▶ _Problem statement_
Using the records below, repeat exactly the lines from the one holding "No, no, we're" through the one holding "Put a clean", both ends included, and no others.

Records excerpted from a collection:

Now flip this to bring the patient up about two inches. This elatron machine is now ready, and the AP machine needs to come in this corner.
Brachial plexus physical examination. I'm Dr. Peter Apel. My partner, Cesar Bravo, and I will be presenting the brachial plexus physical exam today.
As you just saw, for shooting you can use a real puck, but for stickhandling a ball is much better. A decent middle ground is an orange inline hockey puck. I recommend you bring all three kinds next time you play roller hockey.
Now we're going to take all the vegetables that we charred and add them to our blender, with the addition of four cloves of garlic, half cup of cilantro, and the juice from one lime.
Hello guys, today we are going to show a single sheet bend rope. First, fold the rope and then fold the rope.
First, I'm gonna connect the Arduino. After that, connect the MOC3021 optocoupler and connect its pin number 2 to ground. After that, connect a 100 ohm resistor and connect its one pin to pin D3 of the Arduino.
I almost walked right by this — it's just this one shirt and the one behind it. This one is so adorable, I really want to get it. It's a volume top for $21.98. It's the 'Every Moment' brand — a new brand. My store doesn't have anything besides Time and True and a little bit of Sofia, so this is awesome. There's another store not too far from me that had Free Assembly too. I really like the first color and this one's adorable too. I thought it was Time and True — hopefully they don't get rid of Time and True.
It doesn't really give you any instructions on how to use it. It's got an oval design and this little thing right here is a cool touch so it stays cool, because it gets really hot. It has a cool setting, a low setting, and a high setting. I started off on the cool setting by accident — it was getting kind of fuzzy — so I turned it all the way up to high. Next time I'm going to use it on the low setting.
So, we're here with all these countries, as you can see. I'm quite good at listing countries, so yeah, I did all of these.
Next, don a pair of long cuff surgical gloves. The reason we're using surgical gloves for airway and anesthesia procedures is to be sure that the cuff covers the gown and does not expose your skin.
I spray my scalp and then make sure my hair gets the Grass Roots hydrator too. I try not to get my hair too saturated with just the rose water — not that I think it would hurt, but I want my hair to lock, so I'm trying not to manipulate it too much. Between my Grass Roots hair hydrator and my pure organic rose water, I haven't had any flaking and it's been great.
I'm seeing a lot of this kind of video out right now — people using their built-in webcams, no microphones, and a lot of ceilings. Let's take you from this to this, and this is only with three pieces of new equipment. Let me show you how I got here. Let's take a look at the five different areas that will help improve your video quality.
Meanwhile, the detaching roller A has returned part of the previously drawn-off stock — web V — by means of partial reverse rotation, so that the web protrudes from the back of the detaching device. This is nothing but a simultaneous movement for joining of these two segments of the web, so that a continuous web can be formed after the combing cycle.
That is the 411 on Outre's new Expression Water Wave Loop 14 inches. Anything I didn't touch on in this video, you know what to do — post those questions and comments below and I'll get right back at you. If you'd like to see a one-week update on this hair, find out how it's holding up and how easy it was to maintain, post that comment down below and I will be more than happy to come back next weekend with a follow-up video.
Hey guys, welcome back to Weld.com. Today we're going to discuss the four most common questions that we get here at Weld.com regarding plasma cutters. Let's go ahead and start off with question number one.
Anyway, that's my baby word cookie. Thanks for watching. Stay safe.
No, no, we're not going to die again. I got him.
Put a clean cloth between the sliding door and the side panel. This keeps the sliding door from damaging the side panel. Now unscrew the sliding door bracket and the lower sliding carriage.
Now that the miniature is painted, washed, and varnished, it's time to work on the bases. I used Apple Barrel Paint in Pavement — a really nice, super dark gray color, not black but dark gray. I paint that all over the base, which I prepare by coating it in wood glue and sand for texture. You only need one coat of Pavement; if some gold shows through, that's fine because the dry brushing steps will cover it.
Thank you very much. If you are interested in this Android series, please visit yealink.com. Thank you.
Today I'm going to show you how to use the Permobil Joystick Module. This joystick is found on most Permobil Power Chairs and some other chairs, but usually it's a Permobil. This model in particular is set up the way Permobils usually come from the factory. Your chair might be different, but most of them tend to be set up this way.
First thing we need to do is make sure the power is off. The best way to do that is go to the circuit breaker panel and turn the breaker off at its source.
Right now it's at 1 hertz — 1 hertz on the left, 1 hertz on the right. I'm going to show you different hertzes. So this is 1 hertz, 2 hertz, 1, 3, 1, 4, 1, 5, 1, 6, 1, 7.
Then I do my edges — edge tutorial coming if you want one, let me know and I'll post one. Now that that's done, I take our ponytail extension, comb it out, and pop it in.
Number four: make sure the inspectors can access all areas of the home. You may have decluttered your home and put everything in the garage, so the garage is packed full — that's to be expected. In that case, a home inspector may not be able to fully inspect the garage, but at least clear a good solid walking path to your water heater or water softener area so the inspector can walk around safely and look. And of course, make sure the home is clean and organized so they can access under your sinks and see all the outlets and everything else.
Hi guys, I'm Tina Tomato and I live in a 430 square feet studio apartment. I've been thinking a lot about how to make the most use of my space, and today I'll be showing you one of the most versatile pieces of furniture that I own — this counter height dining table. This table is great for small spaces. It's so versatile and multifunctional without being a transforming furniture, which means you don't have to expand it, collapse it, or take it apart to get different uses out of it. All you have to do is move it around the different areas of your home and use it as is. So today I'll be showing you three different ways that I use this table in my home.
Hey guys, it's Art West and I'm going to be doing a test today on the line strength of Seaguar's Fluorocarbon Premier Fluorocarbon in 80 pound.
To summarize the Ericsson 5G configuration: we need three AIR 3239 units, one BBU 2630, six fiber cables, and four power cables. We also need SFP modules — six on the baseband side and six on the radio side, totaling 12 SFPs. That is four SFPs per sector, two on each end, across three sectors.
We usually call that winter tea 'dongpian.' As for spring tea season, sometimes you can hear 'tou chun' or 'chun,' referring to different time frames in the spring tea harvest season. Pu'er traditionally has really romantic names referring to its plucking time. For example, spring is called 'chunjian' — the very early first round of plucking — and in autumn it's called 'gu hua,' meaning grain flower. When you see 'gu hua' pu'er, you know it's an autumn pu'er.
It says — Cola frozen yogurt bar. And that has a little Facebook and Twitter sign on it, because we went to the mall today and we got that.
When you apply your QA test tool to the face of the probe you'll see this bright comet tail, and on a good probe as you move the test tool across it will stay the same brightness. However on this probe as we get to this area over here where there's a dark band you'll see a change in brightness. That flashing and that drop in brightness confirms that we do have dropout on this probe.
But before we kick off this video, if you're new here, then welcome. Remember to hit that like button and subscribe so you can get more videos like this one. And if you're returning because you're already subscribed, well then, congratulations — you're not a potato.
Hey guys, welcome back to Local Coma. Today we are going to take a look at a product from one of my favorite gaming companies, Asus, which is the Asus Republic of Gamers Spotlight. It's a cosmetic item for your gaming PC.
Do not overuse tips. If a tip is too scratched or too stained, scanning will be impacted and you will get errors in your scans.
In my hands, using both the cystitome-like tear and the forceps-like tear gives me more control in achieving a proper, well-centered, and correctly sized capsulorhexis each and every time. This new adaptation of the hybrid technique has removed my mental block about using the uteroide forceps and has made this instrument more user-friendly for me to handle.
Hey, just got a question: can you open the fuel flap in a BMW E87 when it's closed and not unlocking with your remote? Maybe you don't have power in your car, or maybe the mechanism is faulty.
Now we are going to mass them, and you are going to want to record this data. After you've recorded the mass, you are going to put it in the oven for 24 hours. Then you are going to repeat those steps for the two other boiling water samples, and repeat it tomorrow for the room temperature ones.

▶ _Solution to the exercise_
No, no, we're not going to die again. I got him.
Put a clean cloth between the sliding door and the side panel. This keeps the sliding door from damaging the side panel. Now unscrew the sliding door bracket and the lower sliding carriage.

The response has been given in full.